Kraus earned a business degree from the University of Kansas in 1955 then served as a Navy aviator. He and his wife, Virginia, have six children and farm in Ellis County, where he was a county commissioner for 16 years. They continue to host an agriculture day for about 300 students and teachers every year.
Heinen recognized past president Terry Reschke, Hiawatha, for retiring from the KSA board of directors a year ago, after 15 years of service. Maurath thanked Craig Gigstad, Valley Falls, for representing Kansas on the United Soybean Board from 2011 to 2017.

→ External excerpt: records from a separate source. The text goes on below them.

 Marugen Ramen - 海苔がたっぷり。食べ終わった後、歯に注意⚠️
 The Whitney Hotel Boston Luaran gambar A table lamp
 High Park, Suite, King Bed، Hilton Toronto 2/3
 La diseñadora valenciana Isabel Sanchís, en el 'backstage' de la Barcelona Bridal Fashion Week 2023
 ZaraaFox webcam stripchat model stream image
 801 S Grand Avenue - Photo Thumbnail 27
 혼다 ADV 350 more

Next, Heinen presided over the KSA annual meeting. Atkinson outlined ASA’s policy successes in 2017 and priorities for 2018. First Vice President Dwight Meyer, Hiawatha, who chairs KSA’s policy committee, presented the guiding resolutions for 2018, which the voting members present accepted. The board elections resulted in Kregg Rennie, Columbus, and Gary Robbins, Emmett, returning as the directors for districts 4 and 5, respectively, and Brandenburg (Osborne) continuing as a director-at-large.
After adjournment, the KSA directors met and re-elected their officers for the coming year: Heinen (Everest), president; Meyer (Hiawatha), first vice president; Brandenburg (Osborne), second vice president; Doug Shoup, Parsons, secretary; and Robbins (Emmett), treasurer. Past president Raylen Phelon, Melvern, will continue as chairman.

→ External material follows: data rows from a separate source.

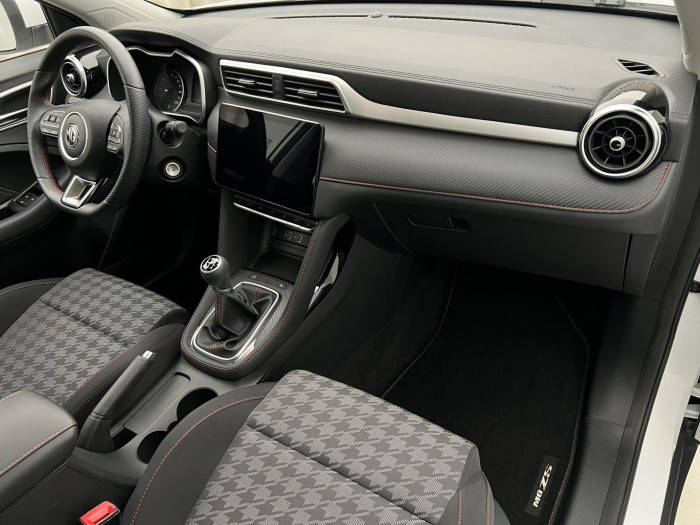MG ZS 1.5 ESSENTIAL PLUS CZ 1.maj.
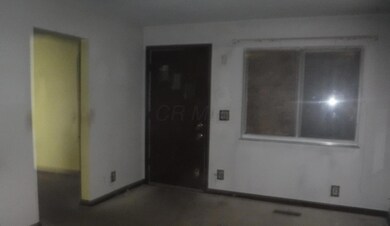 507 Elaine Rd, Columbus, OH 43213 - photo 2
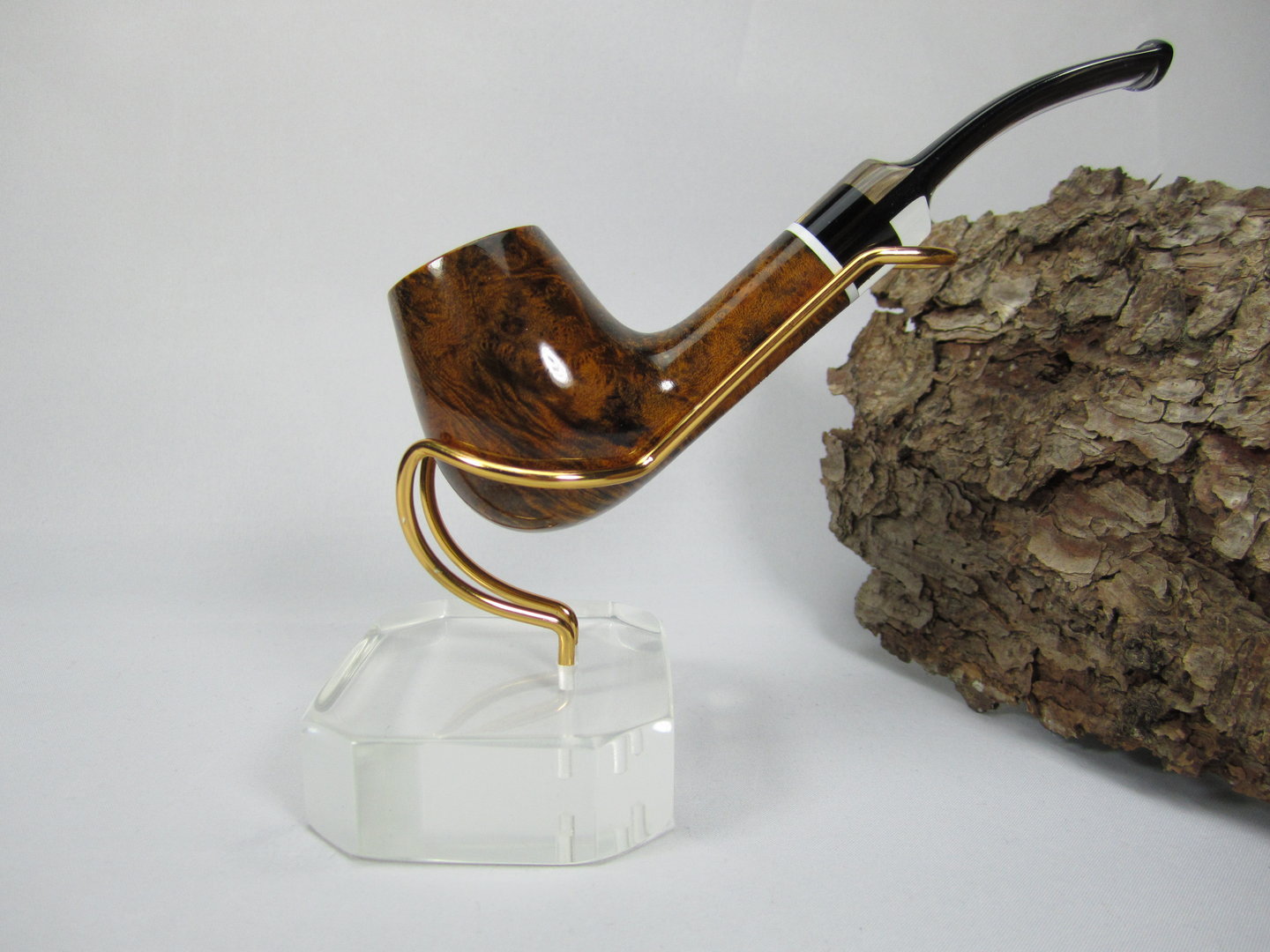 pfeifenstaender_transparent_1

Shoup, who coordinates the Kansas Soybean Yield and Value Contests, then announced the district and overall winners. Meier Farms, Rexford, topped the irrigated division with 100.67 bushels per acre – the first entry ever to document more than 100 bushels. Kenny Wilson, Horton, led the dryland division with 93.34 bushels per acre. Geiger (Denton) won the value contest with 97.8 cents per bushel of increased value (10.7 percent over the $9.68 cash price). Complete results and award photos will be available via http://KansasSoybeans.org/contests on the web.
Participants then heard three K-State Research and Extension updates. Ignacio Ciampitti, Ph.D., crop-production specialist, led “Increasing Yields Through Improved Management.” Dallas Peterson, Ph.D., weed scientist, offered “The Dicamba Conundrum.” Entomologists Brian McCornack, Ph.D., and Mike Smith, Ph.D., presented “An Integrated Approach to Managing Dectes Stem Borer in Kansas.”